Before people can access key aged care programs, they need to obtain approval for program eligibility from an Aged Care Assessment Team (ACAT). The assessment teams also make recommendations on the preferred setting for receiving care; that is, in the person’s home or in a residential care facility with either a low or high level of care. The purpose of this bulletin is to look at care pathways of older Australians through the aged care system for 
2 years following their first assessment for such services. Care pathways are analysed according to the long-term care setting recommended by the ACAT.
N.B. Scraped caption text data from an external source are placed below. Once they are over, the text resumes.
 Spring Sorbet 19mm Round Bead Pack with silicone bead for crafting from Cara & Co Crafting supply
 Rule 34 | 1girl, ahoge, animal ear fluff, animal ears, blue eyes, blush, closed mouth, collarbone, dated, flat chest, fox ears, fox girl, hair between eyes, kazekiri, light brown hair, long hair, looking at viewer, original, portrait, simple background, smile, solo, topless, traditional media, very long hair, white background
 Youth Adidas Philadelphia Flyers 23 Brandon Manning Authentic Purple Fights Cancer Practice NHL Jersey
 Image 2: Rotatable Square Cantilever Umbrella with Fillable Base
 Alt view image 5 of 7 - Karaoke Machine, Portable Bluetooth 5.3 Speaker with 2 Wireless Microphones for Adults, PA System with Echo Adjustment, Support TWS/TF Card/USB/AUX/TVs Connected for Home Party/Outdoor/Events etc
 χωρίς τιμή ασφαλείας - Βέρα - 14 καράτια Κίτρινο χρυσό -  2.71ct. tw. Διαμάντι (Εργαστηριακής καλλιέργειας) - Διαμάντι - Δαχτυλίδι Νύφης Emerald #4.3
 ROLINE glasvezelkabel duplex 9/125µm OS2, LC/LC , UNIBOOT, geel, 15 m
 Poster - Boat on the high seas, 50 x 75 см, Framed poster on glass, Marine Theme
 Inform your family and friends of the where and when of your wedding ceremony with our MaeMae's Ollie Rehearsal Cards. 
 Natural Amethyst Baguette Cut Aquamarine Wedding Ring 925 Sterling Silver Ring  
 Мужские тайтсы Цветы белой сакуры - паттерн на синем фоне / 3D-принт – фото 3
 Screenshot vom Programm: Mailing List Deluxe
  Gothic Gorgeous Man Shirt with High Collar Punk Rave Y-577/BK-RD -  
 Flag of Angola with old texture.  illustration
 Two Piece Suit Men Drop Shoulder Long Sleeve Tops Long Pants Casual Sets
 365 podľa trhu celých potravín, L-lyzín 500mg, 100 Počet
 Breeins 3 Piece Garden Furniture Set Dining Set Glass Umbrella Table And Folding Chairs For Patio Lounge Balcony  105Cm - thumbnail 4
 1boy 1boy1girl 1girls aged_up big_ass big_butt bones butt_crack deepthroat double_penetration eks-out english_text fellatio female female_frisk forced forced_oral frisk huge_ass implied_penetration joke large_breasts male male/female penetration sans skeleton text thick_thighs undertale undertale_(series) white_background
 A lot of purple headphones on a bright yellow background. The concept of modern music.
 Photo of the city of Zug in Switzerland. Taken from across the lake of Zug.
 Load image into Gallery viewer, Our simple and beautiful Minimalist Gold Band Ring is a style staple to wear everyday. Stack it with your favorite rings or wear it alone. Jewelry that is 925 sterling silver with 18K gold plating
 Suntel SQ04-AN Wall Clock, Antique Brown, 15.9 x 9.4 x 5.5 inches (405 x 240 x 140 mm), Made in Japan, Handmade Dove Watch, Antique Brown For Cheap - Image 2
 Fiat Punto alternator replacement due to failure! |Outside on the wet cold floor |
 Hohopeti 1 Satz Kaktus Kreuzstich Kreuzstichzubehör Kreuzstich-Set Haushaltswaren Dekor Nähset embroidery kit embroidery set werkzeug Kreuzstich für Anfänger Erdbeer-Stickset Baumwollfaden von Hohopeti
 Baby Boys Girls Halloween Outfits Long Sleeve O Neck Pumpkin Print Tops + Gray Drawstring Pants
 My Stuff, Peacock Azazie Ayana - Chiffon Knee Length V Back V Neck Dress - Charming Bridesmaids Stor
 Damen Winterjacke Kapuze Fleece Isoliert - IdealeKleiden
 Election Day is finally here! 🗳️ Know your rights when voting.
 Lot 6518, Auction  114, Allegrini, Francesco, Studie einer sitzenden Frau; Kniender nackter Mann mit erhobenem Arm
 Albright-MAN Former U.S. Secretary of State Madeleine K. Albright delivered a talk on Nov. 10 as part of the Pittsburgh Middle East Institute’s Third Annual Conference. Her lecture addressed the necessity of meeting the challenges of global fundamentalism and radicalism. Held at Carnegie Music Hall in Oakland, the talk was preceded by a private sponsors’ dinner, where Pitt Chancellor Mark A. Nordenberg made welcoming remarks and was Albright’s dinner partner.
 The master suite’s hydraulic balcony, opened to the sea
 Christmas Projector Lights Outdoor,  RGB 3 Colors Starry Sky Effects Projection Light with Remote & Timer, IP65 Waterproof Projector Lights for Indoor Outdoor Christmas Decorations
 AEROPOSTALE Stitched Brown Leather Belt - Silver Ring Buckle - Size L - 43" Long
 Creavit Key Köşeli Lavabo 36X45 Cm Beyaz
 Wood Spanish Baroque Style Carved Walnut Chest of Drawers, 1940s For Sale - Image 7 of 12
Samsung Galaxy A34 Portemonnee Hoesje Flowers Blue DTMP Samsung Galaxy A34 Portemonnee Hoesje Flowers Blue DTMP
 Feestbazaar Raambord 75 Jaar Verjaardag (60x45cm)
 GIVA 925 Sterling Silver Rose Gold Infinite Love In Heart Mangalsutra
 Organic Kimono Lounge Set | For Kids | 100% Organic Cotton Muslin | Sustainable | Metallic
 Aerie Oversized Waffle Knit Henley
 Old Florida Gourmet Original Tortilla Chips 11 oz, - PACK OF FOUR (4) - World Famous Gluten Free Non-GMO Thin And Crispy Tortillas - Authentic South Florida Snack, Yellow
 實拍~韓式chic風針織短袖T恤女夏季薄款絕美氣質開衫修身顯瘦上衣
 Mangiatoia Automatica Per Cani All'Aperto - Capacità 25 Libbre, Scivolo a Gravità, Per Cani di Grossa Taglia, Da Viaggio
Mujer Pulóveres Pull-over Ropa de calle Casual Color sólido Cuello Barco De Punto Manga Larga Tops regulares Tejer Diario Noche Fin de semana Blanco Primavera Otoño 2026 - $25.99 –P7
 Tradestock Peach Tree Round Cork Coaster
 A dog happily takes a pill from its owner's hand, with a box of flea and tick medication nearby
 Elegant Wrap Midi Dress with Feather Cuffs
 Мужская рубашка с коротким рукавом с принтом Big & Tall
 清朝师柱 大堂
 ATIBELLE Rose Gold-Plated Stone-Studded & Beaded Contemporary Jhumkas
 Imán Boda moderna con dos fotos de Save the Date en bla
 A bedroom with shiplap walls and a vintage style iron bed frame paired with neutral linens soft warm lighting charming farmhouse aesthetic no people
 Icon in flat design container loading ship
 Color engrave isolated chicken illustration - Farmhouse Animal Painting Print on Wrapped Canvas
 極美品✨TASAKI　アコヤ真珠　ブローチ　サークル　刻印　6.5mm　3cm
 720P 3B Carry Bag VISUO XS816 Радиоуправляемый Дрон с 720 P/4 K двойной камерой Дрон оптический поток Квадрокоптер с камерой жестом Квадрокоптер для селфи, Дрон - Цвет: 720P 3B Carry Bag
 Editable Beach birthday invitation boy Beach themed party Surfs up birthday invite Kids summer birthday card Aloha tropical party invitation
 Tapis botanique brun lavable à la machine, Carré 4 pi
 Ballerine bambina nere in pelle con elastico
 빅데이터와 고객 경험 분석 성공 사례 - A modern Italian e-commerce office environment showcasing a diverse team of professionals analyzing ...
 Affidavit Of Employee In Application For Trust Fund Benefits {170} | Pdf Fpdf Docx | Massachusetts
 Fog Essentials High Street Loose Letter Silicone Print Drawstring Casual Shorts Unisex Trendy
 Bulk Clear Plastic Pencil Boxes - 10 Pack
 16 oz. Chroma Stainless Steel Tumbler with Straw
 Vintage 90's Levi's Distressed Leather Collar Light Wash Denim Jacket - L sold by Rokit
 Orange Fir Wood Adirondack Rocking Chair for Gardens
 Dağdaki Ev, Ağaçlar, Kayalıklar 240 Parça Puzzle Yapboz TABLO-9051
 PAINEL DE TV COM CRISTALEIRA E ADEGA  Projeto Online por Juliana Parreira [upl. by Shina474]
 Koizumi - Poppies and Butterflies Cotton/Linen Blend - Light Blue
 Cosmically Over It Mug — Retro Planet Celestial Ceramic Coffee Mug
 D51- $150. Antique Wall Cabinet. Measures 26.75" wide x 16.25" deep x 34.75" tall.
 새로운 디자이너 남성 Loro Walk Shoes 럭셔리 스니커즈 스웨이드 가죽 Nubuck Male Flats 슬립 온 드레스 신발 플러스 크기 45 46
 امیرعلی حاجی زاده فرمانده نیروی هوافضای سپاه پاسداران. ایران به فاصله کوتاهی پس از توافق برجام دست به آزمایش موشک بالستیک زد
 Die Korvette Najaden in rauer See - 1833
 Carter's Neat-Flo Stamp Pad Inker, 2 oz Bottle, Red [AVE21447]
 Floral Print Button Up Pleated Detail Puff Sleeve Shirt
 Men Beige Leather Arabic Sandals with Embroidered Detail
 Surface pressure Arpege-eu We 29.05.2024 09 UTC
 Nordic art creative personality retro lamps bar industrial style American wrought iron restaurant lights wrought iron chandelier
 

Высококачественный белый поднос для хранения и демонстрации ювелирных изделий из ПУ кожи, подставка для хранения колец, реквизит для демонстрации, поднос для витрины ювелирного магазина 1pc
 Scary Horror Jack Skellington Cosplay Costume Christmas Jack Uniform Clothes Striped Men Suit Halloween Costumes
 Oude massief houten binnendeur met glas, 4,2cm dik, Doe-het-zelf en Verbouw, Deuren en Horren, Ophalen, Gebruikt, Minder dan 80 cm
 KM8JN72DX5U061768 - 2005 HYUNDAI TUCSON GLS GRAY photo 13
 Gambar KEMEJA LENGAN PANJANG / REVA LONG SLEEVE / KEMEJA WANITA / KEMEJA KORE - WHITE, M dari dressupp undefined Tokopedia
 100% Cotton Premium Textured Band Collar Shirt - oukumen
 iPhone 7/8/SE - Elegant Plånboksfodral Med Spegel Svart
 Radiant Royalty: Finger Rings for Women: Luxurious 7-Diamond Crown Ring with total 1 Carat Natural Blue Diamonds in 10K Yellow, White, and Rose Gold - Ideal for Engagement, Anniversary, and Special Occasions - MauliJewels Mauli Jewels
The bulletin uses data from the Pathways in Aged Care project, which links 2003–04 ACAT data to data sets showing use of five main aged care programs and deaths. Analysis concentrates on the cohort of 34,400 people who had an ACAT assessment in 2003–04, and who had not previously used aged care services.

The main findings are:

  • Overall, and as expected, people with different long-term care setting recommendations tended to have different patterns of program use.
  • Recommendations by ACATs were not always followed, and there was considerable variation in the type of programs accessed and the timing of this use within recommendation group.
  • One-quarter of ACAT clients—including some recommended to live in residential care—did not use aged care services in the 2 years after assessment, with only a small proportion dying shortly after assessment.
  • Rates of transition into permanent residential care varied with the use of community care and residential respite care.
  • Among those recommended to live in residential care, people who used neither community nor respite care services after assessment, or only residential respite care, were initially more likely to enter permanent residential care than others. People who used community care but not residential respite care were least likely to enter permanent care within 2 years of assessment.

Results suggest that use of community care delays entry into permanent residential care. For example, for people recommended to live in low-level residential aged care:

  • 43% of those who had used both residential respite and community care had accessed permanent residential aged care within 12 months
  • A similar proportion (46%) of those who had used neither residential respite nor community care had accessed permanent residential aged care within only 3 months.  

Results also suggest that timing of the use of community care is important in delaying entry.

Further analysis is currently being done to assess the relationships between use of care services over time and client demographic and health characteristics.